DF: Cameron, you started off by recognizing the power of Streetcar as a play even now, almost 80 years after it was written. Part of that power is that there are so many ways to approach it. Sometimes I think it’s fundamentally about the dire situation Southern women were left in after the Civil War. At other times, I think it’s about the unrealistic, “Horatio Alger” expectations people had about the transformative power of simply being an American-born male. And through the lens of Elia Kazan’s famous movie, the unbalancing, dangerous sense of sexual attraction comes to the forefront in scene after scene, where both Blanche and Stella are virtually undone by Stanley’s allure. To me, none of these elements are at the forefront of Frecknall’s reading—particularly not the Southern elements, which mostly disappear.
CK: I think that’s exactly right—despite the presence of an onstage drummer (Tom Penn) providing vaguely Zydeco rhythms, there’s little sense that this Streetcar is rooted in the vibrant world of the French Quarter. The set design (by Madeleine Girling) resembles a boxing ring sans netting—appropriate, perhaps, when you consider the drama a series of knockout fights between the characters, where everyone ends up injured.

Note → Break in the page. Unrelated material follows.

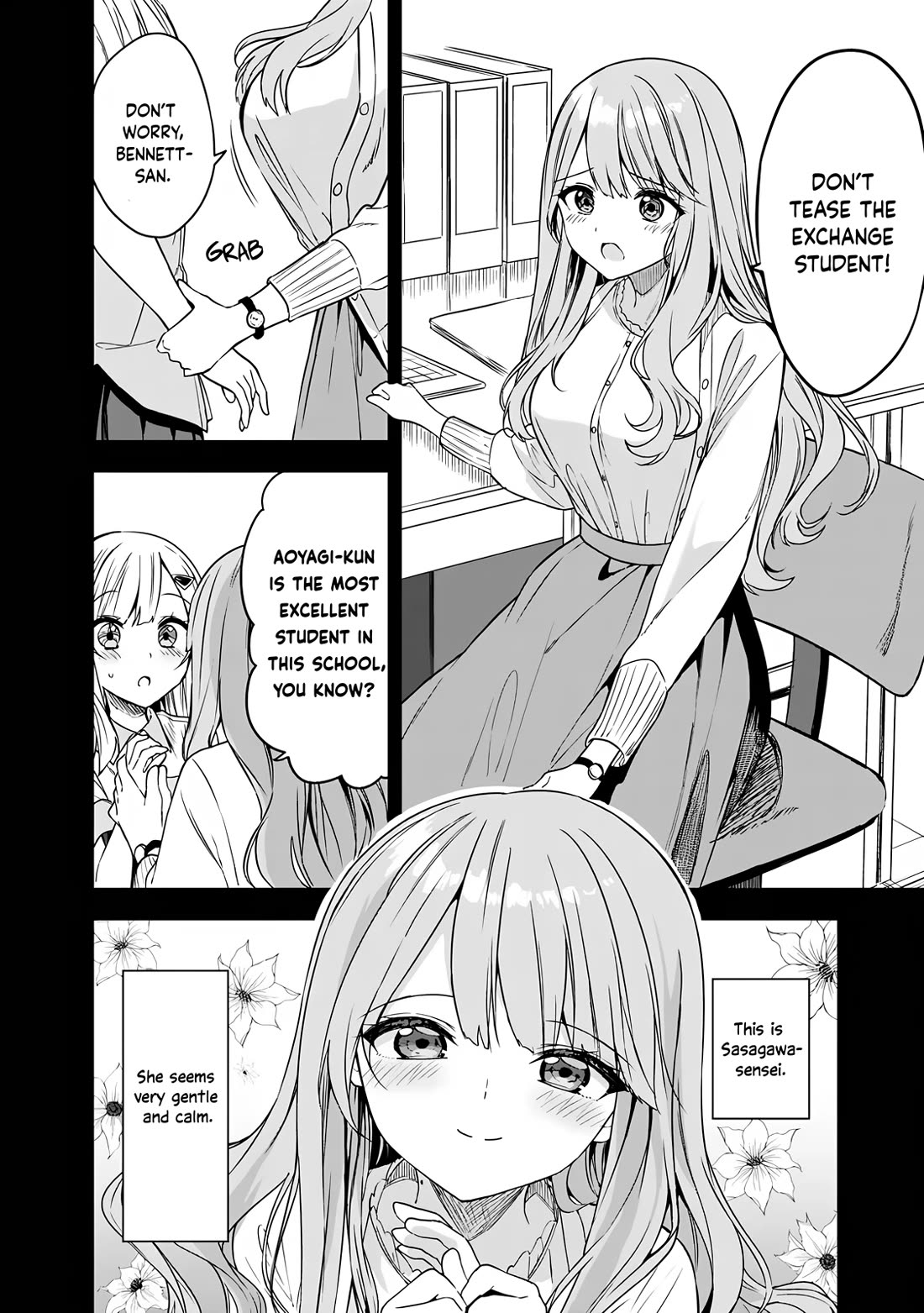 Maigo ni Natteita Youjo o Tasuketara, Otonari ni Sumu Bishoujo Ryuugakusei ga Ie ni Asobi ni Kuru You ni Natta Ken ni Tsuite Chapter 5 - Page 7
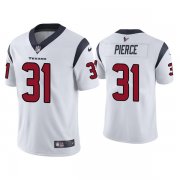 Wholesale Cheap Men's Houston Texans #31 Dameon Pierce White Vapor Untouchable Limited Stitched Jersey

Frecknall foregrounds a sense of voyeurism instead, frequently having the ensemble cast remain onstage during intimate scenes, spying on the action from a remove that still feels a little too close for comfort. Given that Blanche occupies the center of attention here in Ferran’s performance, to me anyway, this reinforces the idea of women always being under society’s gaze, their every move scrutinized, in public and in private, with little demarcation between the spheres.
Julieta Cervantes
DF: I agree that the sense of group observation is a major takeaway here. While I was watching it, I thought of the infamous Kitty Genovese case, where the collective takeaway (not entirely true, but the way it was viewed) was that people observing it did nothing to stop it. It’s worth considering what it might mean that this Streetcar has a female director. I certainly did come away with the sense that Blanche was fundamentally doomed from the beginning—all societal factors were working against her. I found this perhaps the production’s most powerful takeaway. (And far more persuasive to me than the last British Streetcar I saw – Benedict Andrews’s ghastly version where Blanche is a shrewish nutcase from the start.)

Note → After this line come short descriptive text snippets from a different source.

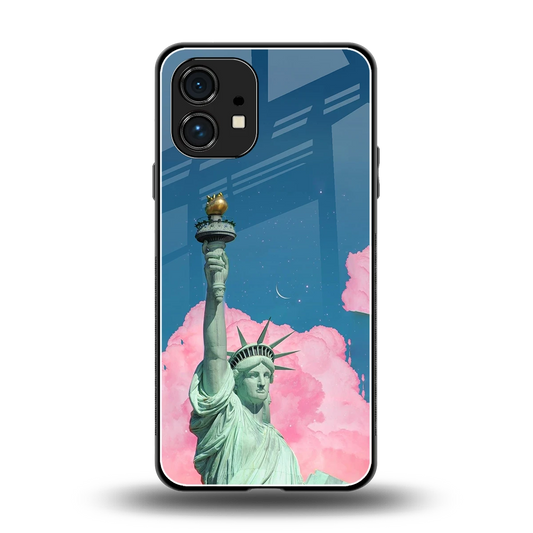 Dreamy Freedom back phone cover | glass case for nothing phone 1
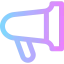 Megaphone Ikona 64x64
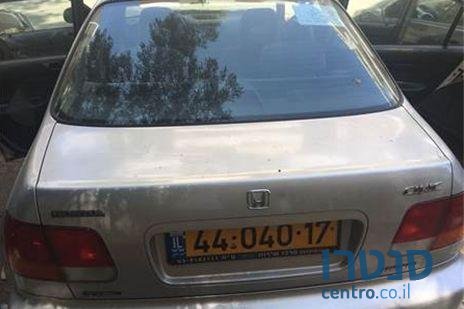 1999' Honda Civic הונדה סיוויק photo #2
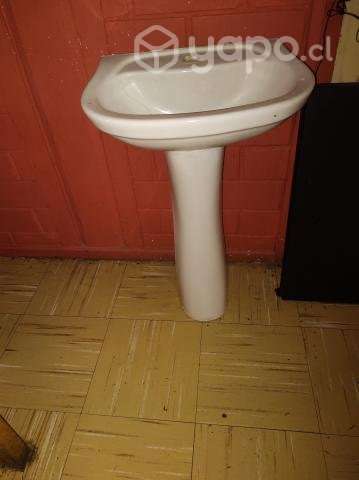 Lavamanos y pedestal - Imagen 4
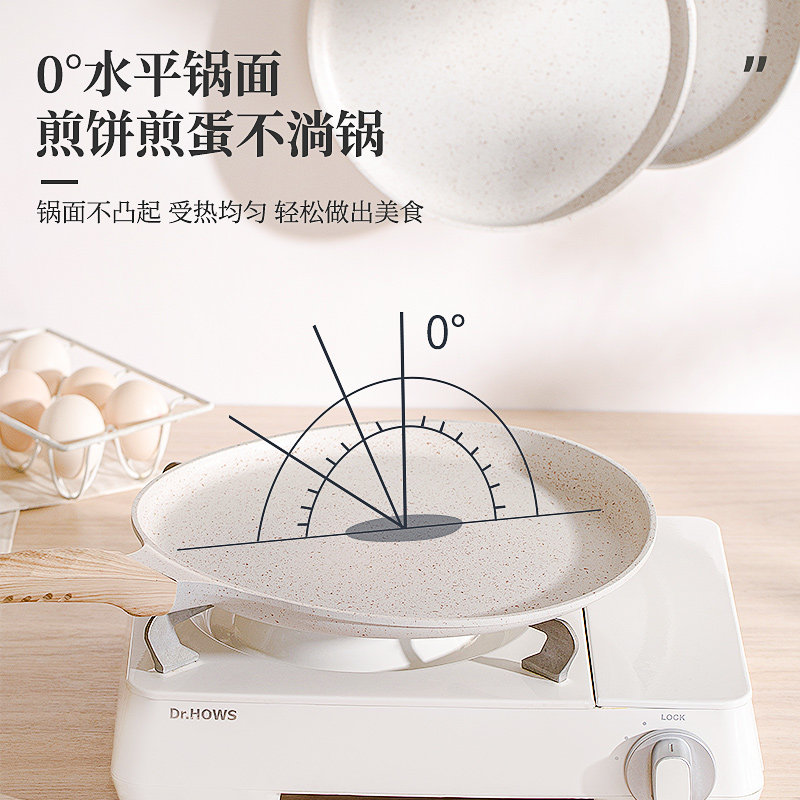 麦饭石千层平底锅班戟烘焙专用煎锅蛋糕皮千层饼煎蛋早餐锅煎饼锅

CK: That strikes me as a fair reading of Frecknall’s overarching vision, and one that’s borne out again in the production’s final image, as Stella collapses into Stanley’s arms after Blanche has been taken away to the sanitarium. Kazan’s film adaptation appliqués a feminist coda here—Stella pushes Stanley off, telling him to never touch her again—but Williams, and Frecknall, recognize that she is herself in a cycle of attraction and abuse. Of course she’s not going anywhere; what other options would she have? It concludes the staging on a striking, disturbing note. It also helps make sense of the slightly muted performance Anjana Vasan gives as Stella—she’s resigned to her situation, rather than the willing participant she claims to be.

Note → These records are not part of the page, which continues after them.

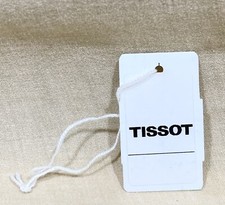 Tissot tag hangtag blank - tissot,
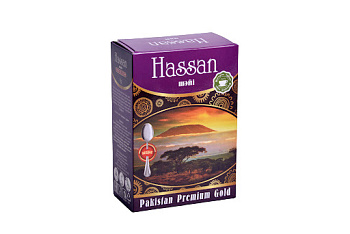 Чай Hassan Pakistan Premium Gold черный  гранулы с ложкой 250гр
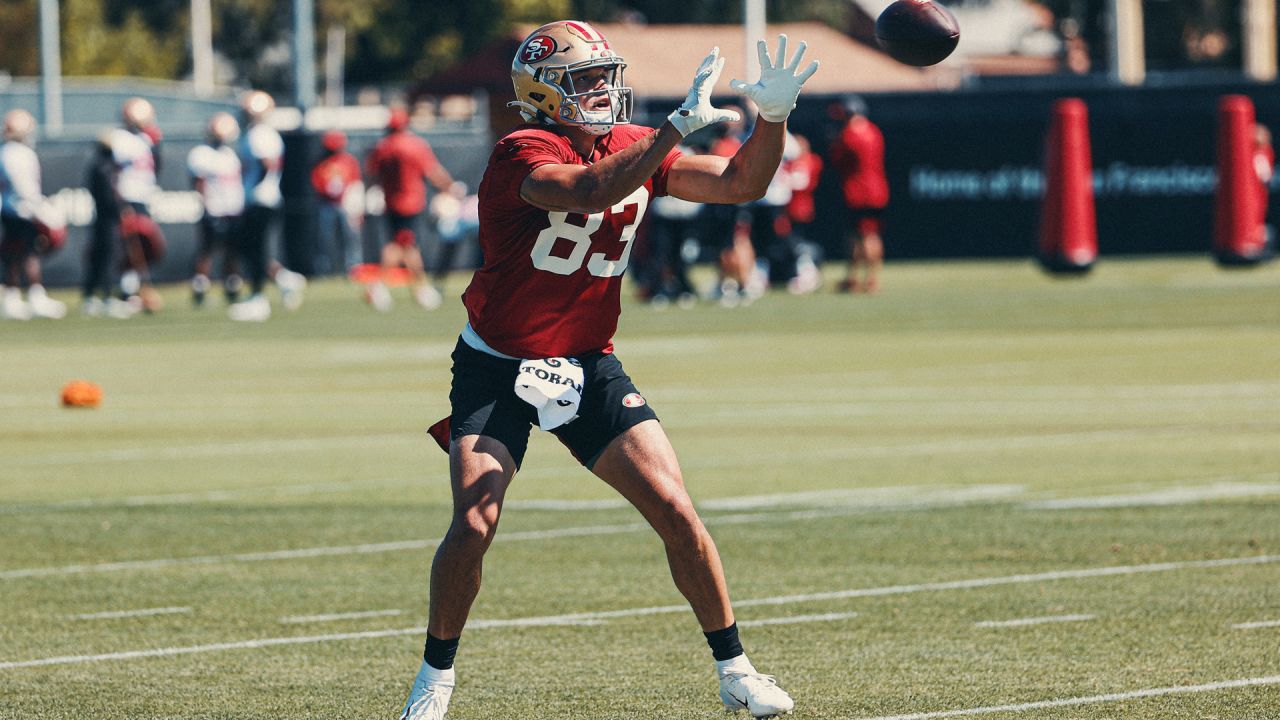 49ers training camp: Best sights and sounds, from Aiyuk as WR1 to another  Shanahan ballboy – Daily Democrat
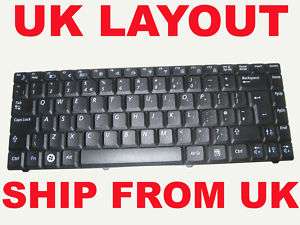 New OEM Samsung R519 keyboard UK layout  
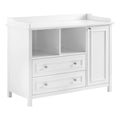46" 2-Drawer 1-Cabinet Children's Wood Dresser J63596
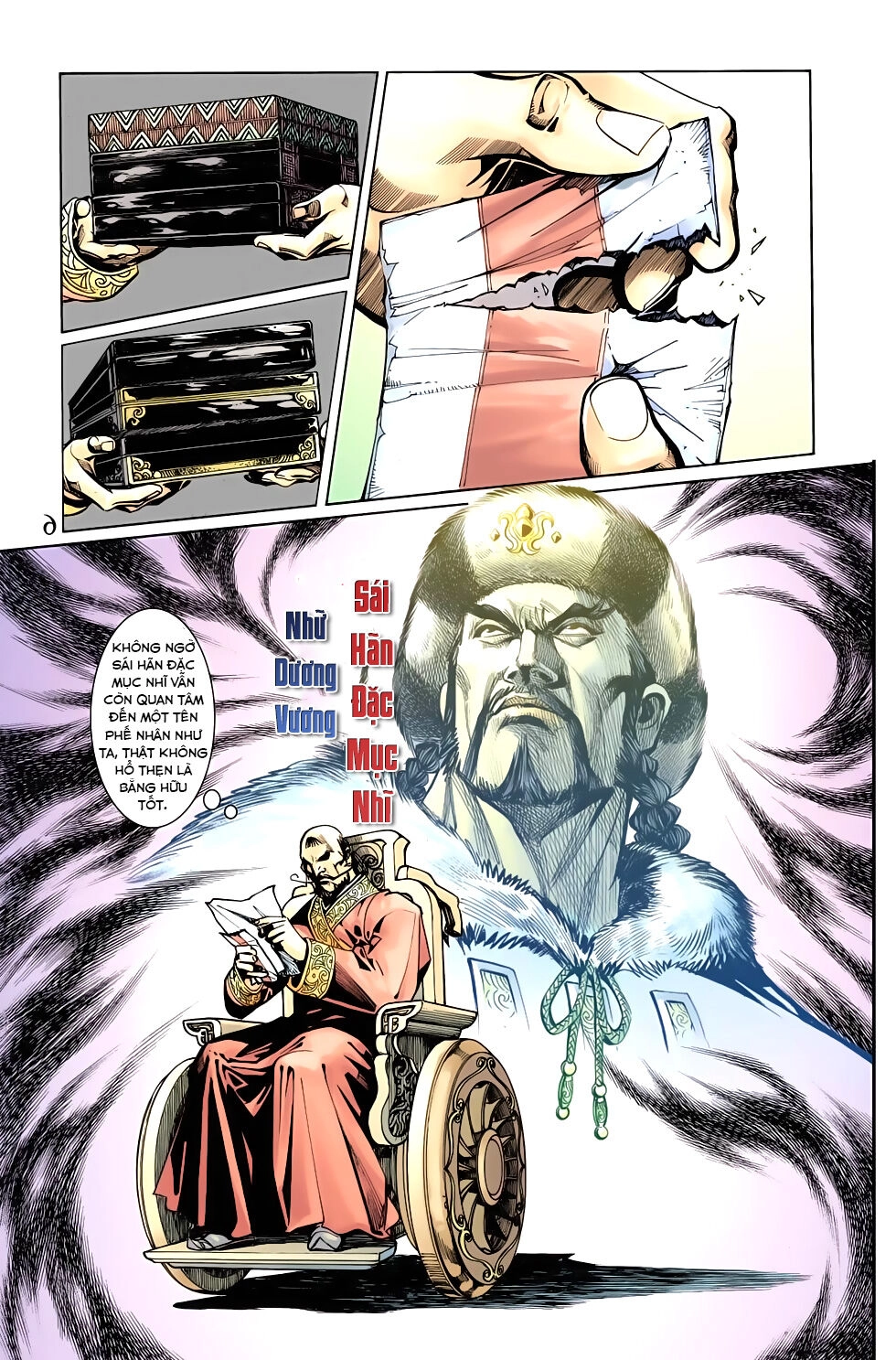 Thiên Tử Truyền Kỳ 6 – Hồng Vũ Đại Đế Chapter 58 - 7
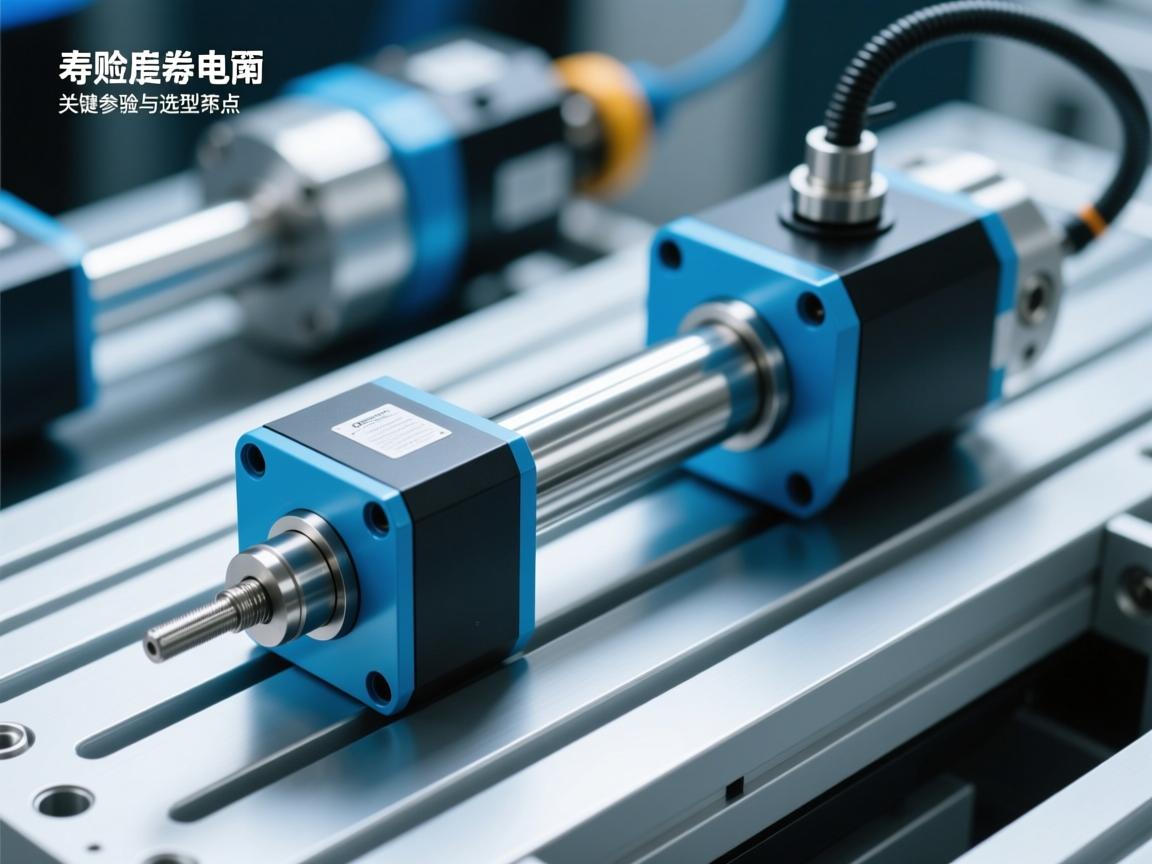 伺服电动缸采购全攻略,关键考量与选型要点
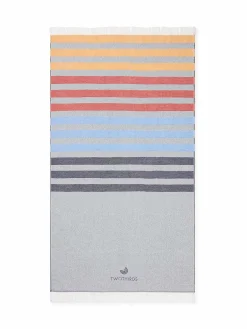 Couleur Du Bloc De Serviettes De Voyage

DF: There’s more we could explore: Frecknall’s use of almost balletic, stylized body movement, for example, which I found distracting and out of place. But I think the main point here is that on balance, it’s a powerful, provocative staging that deserves to be seen.
CK: If you can get a ticket, that is—the production, which runs through April 6, is virtually sold out. But it’s worth the trek to Brooklyn to experience a classic born anew, and Streetcar is always a rewarding ride in its own right.